> The problem: In the entries below, find the line with "Load image into" and the line with "A long hair". Reproduce those two lines and every line between them exactly, and nothing more.

> Source material:
------------
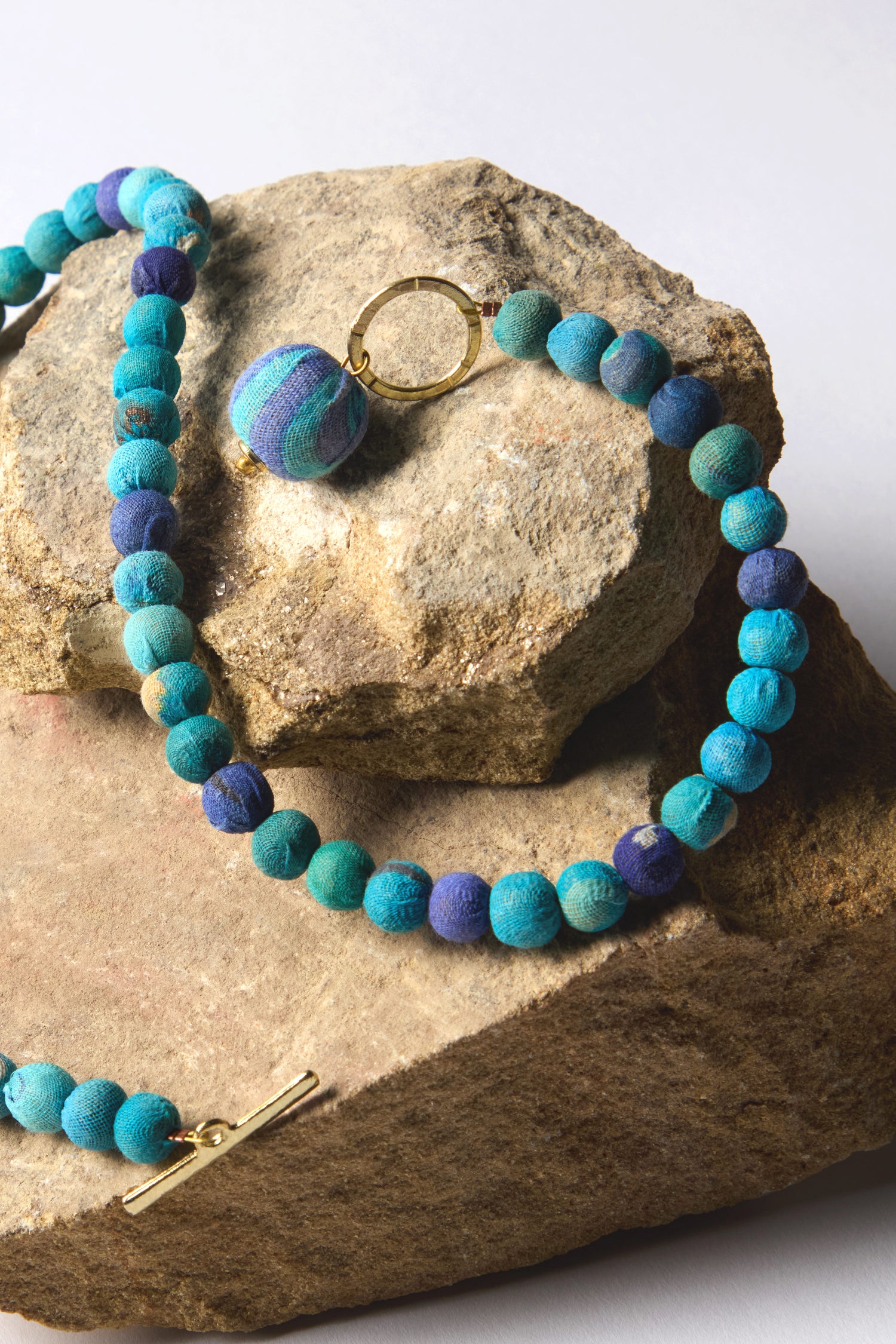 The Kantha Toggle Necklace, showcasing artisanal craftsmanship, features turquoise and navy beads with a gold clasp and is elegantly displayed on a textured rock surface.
------------
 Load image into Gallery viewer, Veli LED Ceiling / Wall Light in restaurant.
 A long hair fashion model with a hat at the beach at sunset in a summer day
------------
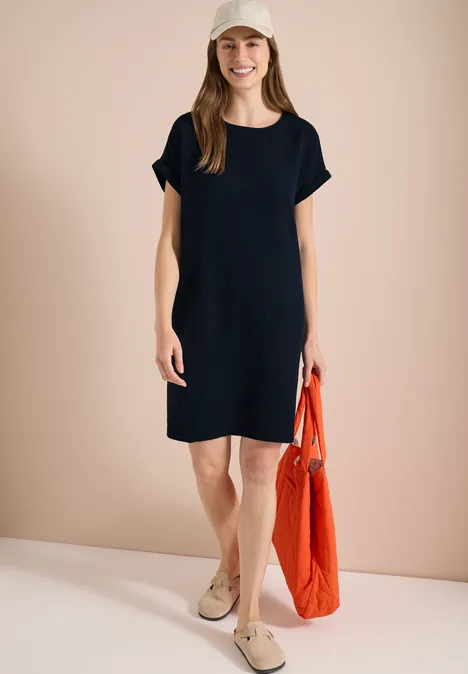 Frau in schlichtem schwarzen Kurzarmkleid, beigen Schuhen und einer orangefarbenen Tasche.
------------
> Expected output:
 Load image into Gallery viewer, Veli LED Ceiling / Wall Light in restaurant.
 A long hair fashion model with a hat at the beach at sunset in a summer day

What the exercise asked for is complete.